Press release
Letter to Commission: German Gas power plant plans remain incompatible with European State Aid laws
May 13th, 2026
Today, the draft law of the “StromVKG” passed the German cabinet. Before coming into effect, the law needs EU Commission approval, as it qualifies as State Aid. ClientEarth sent a letter to the EU Commission, as a follow-up to its complaint filed in November 2025. In the letter, the lawyers detail how the capacity remuneration mechanism (CRM) set out in the StromVKG is not aligned with key EU State Aid rules. If the European Commission greenlights the StromVKG in its current shape, the costs would be devastating – for the market, consumers, the environment and for the rule of law in Europe.
The German government spelled out its plans to spend billions of Euros on new capacities for the country’s power system, strongly favouring gas power plants, in the draft of the “Stromversorgungssicherheitskapazitätsgesetz” (StromVKG). Before the StromVKG can be rolled out, the subsidy scheme needs to be approved by the European Commission under EU State Aid rules. In November, ClientEarth filed a complaint against the anticipated approval of the government’s plans, known as the “Kraftwerkstrategie”. The plans have since been adapted in the StromVKG, but key concerns remain unresolved or have even worsened – harming competition in German and EU markets and displacing investments into cleaner alternatives.
The letter sent to the European Commission demonstrates that the StromVKG breaches several fundamental principles of EU law. Some of the most prominent are:
- The volume of the tenders does not align with security of supply assessments: EU law requires these schemes to be grounded first in an assessment that shows additional capacities are in fact needed. Here, however, most of the capacities to be tendered are not tied to any assessment at all, and the rest are tied to a German assessment that diverges materially from the European one on key issues like the potential of batteries and demand side response. This all calls into question the need for the capacities to be tendered under the StromVKG.
- Alternatives to guarantee security of supply have not been assessed: The proposed capacity mechanism is a costly and highly distortive measure to ensure security of supply and potentially more appropriate and less distortive measures seem to have been disregarded. These include amongst others a hedging obligation, administrative reserve scarcity pricing, full market access for demand-side response and aggregators, or removal of barriers to cross-border trade of electricity.
- Several EU energy market laws are being breached: The proposed CRM in the StromVKG has not been preceded by a cross-border impact study, the implementation plan setting out other measures to address security of supply concerns is outdated and the CRM preempts the flexibility-needs assessment due by July 2026. Greenlighting despite these violations and those raised in our earlier complaint would severely harm the rule of law within the EU.
- The scheme inherently favours large gas plants and incumbent market players over smaller, cleaner alternatives: Although the CRM is open to several technologies on the face of it, the eligibility requirements to participate in the tenders clearly favour large gas plants that will be built by large incumbent players. This is evident from the outright exclusion of demand-side response and small-scale plant pools, the requirement to be able to feed ten hours of electricity at any time after one hour, the derating factors for battery storage and the bid-ranking architecture in the long-term and generation tenders. Despite the principle that market competition should prevail, the StromVKG as it stands will be detrimental to a healthy distribution of market power and low consumer prices, while hindering the transition to cleaner energy.

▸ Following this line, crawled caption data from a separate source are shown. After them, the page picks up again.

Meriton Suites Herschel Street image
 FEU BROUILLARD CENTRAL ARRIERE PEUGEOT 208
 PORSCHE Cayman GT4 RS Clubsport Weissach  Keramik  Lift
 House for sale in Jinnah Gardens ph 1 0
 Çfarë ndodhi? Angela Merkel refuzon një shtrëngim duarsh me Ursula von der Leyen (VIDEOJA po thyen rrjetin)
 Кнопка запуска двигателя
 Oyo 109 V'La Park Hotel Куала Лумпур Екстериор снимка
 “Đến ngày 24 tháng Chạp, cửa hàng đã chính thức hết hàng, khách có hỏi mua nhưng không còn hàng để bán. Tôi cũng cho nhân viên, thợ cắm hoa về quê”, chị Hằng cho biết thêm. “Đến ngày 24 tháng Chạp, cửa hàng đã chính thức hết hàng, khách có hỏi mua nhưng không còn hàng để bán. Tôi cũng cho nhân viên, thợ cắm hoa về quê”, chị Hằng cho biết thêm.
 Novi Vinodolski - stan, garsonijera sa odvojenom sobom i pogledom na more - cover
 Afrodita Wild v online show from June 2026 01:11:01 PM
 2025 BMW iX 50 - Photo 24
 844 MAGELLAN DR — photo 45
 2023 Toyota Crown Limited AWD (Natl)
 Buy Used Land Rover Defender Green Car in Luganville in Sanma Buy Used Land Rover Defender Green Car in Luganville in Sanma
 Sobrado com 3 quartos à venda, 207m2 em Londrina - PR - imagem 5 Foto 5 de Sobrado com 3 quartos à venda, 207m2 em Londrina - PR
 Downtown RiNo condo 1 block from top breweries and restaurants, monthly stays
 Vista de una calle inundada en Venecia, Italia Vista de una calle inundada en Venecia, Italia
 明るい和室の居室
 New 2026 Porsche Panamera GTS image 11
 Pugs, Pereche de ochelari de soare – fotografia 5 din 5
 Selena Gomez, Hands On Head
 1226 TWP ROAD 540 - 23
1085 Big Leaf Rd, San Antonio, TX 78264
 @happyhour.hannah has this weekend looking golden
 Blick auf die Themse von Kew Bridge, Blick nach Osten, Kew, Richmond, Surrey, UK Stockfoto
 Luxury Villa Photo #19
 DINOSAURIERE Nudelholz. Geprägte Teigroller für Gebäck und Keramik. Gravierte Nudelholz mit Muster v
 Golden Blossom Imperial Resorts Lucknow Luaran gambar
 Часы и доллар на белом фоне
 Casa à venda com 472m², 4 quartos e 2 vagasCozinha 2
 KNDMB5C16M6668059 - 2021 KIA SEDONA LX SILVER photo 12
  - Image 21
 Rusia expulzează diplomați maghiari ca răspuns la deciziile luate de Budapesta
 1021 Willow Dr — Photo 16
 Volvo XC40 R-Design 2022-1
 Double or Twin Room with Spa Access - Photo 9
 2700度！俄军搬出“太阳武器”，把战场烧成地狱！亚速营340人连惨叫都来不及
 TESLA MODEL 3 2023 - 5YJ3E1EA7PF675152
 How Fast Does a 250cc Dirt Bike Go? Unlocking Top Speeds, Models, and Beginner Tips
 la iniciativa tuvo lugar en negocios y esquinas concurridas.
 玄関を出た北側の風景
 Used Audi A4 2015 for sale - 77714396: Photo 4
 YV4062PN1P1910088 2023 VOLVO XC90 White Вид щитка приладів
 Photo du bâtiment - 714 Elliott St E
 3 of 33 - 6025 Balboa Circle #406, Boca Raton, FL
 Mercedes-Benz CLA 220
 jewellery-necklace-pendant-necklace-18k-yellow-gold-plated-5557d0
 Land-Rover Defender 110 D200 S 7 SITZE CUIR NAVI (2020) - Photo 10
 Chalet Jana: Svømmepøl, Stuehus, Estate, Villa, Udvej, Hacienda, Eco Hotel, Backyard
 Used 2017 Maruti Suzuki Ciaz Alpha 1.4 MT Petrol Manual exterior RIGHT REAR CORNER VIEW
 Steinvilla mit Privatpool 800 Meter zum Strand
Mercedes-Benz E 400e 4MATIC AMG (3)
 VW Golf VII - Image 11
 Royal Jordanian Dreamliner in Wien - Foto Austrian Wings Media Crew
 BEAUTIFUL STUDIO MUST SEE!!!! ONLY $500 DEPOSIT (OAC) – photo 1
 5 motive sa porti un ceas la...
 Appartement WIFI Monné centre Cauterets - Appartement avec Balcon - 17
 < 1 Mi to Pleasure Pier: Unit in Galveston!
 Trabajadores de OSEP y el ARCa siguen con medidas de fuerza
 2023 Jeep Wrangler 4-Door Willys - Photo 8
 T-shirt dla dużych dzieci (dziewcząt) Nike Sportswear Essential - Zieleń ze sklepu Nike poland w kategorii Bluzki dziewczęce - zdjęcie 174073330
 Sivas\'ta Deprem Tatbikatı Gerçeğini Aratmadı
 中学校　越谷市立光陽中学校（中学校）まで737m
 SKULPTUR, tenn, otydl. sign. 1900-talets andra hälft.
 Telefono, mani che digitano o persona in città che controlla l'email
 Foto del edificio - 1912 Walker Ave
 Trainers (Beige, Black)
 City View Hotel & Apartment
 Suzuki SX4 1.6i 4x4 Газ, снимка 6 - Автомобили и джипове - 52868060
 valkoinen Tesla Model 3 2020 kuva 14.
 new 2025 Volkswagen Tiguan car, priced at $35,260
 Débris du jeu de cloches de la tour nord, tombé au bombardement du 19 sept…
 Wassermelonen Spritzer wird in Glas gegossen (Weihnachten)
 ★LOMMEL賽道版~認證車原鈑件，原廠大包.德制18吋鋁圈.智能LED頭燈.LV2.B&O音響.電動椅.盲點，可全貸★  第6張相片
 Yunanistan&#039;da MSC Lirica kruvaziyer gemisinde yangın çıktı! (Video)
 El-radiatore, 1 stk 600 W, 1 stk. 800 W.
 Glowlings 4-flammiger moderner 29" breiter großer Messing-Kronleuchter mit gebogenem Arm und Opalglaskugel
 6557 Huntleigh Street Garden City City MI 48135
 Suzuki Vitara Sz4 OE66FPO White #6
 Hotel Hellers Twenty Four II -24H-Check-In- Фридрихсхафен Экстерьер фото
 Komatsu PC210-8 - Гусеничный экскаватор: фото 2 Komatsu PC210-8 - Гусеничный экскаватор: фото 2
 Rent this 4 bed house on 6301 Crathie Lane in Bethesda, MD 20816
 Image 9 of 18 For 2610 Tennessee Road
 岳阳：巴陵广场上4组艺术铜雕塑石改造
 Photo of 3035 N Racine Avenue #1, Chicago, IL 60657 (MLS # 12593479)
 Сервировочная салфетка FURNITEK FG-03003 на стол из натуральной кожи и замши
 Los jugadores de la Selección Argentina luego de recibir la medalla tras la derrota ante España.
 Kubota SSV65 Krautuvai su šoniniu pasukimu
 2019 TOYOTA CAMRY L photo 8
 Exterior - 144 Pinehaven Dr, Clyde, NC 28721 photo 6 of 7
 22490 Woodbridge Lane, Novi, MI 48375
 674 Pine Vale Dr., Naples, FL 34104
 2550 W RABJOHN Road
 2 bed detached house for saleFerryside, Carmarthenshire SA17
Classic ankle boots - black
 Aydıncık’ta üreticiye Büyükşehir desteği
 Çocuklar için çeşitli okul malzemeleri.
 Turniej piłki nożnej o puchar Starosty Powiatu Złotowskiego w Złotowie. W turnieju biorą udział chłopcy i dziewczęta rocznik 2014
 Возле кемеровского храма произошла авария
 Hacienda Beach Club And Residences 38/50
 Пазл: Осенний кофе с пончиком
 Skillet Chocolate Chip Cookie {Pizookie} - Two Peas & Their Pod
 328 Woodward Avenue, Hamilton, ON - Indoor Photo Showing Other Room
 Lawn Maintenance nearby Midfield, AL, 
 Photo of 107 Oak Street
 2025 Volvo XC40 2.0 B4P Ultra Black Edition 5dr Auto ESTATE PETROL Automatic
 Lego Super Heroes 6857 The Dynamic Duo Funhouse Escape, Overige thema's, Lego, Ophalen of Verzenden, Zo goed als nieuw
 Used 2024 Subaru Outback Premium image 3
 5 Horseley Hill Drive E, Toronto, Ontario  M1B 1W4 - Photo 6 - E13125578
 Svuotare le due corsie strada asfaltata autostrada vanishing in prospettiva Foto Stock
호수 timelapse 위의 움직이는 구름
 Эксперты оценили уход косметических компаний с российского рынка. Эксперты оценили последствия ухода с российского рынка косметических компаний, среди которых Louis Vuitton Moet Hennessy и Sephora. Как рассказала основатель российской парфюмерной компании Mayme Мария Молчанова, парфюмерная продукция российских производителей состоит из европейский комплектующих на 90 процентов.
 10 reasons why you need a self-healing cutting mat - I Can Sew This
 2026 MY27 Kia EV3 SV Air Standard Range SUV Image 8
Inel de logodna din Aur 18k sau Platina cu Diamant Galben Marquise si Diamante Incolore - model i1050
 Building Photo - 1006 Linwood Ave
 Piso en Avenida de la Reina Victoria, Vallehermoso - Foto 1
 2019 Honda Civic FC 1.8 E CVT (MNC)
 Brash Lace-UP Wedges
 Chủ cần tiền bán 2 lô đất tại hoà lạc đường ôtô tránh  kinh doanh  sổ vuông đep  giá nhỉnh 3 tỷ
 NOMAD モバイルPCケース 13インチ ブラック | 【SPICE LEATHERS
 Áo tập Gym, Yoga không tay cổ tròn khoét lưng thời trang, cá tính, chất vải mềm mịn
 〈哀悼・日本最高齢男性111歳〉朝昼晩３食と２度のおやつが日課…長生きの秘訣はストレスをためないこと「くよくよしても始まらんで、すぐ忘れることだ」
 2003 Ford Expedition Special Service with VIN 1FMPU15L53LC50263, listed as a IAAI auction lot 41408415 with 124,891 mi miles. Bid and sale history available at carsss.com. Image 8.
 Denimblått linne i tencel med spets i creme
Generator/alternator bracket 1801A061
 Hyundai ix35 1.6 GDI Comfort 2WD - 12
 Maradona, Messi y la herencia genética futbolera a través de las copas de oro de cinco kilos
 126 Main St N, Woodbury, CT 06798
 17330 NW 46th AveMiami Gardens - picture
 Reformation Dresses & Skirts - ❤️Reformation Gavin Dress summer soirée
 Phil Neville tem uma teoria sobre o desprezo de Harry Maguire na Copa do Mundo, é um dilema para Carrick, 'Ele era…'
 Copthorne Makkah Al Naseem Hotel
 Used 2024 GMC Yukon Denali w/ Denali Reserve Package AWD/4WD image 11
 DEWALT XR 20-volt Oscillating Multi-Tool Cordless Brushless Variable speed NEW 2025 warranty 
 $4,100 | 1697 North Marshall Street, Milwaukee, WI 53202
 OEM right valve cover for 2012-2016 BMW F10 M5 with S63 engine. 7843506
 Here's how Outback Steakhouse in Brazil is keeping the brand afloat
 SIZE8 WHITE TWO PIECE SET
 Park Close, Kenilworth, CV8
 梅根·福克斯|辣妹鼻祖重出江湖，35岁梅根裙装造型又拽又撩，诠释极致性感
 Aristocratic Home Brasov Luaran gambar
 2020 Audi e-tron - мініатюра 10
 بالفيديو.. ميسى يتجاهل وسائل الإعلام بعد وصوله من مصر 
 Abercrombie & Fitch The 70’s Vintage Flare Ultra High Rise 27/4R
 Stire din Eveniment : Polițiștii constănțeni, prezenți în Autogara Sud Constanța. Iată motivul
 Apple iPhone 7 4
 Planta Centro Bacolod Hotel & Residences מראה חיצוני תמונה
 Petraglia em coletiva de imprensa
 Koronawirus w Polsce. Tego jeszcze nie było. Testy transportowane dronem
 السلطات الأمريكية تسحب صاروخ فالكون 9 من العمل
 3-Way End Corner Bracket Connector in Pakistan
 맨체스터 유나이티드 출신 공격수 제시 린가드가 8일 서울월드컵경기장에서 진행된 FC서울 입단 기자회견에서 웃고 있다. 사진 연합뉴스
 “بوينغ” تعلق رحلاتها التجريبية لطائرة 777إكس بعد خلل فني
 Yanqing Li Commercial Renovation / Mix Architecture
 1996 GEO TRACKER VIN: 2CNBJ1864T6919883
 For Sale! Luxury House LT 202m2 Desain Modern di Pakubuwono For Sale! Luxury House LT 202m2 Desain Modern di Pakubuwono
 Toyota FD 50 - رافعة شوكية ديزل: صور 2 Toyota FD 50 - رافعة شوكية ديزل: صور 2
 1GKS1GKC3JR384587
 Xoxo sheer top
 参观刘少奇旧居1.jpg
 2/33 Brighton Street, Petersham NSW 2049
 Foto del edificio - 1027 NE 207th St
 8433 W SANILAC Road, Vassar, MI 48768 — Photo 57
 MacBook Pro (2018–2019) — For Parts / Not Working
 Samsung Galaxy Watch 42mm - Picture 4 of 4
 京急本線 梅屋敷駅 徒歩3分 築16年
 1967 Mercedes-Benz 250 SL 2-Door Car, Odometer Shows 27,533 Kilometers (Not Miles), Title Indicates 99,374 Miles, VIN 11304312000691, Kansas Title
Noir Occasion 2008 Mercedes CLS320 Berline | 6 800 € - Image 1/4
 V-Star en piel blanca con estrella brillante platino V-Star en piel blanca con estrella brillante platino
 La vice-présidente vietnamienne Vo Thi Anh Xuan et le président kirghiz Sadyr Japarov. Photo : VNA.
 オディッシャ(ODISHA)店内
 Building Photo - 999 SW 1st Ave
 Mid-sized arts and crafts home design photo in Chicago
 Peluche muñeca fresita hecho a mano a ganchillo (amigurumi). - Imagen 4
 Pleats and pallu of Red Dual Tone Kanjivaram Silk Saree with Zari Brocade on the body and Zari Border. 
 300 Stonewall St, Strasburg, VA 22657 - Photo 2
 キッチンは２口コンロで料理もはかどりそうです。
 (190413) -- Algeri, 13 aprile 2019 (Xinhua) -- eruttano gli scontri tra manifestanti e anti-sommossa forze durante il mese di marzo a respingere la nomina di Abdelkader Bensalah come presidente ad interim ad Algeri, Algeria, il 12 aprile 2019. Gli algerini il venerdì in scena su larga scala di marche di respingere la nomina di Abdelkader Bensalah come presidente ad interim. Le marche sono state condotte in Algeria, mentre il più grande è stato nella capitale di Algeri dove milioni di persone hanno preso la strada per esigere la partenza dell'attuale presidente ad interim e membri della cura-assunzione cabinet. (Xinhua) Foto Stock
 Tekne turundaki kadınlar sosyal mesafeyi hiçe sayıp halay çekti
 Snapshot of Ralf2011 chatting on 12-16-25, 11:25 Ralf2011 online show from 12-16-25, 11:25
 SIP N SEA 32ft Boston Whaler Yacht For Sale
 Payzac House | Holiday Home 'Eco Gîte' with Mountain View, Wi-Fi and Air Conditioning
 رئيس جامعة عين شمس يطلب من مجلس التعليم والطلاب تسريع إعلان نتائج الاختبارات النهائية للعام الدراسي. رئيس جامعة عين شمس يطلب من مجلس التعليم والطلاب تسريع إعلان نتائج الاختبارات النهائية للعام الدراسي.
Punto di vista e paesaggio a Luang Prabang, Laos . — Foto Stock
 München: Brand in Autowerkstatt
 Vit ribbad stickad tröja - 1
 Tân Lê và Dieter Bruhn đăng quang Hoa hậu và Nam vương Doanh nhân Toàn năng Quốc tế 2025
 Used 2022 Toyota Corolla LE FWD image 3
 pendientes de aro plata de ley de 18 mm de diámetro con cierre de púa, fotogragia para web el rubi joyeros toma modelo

- No actual decarbonisation requirements: Gas plants are only required to be “hydrogen-ready” by design, meaning that they do not need to be able to run on hydrogen but will need to be modified to do so to be “climate-neutral” by the end of 2045 only. Yet, the law does not require any credible pathway towards climate neutrality, does not have a mechanism to incentivise a conversion or to sanction the lack thereof, which exacerbates the risk of fossil gas lock in.
Stéphanie Nieuwbourg, lawyer at ClientEarth, concludes the findings of the letter: “Forcefully keeping Germany on a fossil fuel path – despite recent examples demonstrating how fragile this is for energy security – not only feels out of touch, but is also incompatible with EU law. Our legal analysis clearly shows that the StromVKG cannot be greenlit without breaching principles of EU State aid and energy market law that the EU states themselves set. These rules are in place to ensure proper market functioning for the benefit of consumers and a clear path towards a greener energy system. The EU commission cannot approve this detrimental plan and should instead launch an in-depth investigation into this State Aid measure.”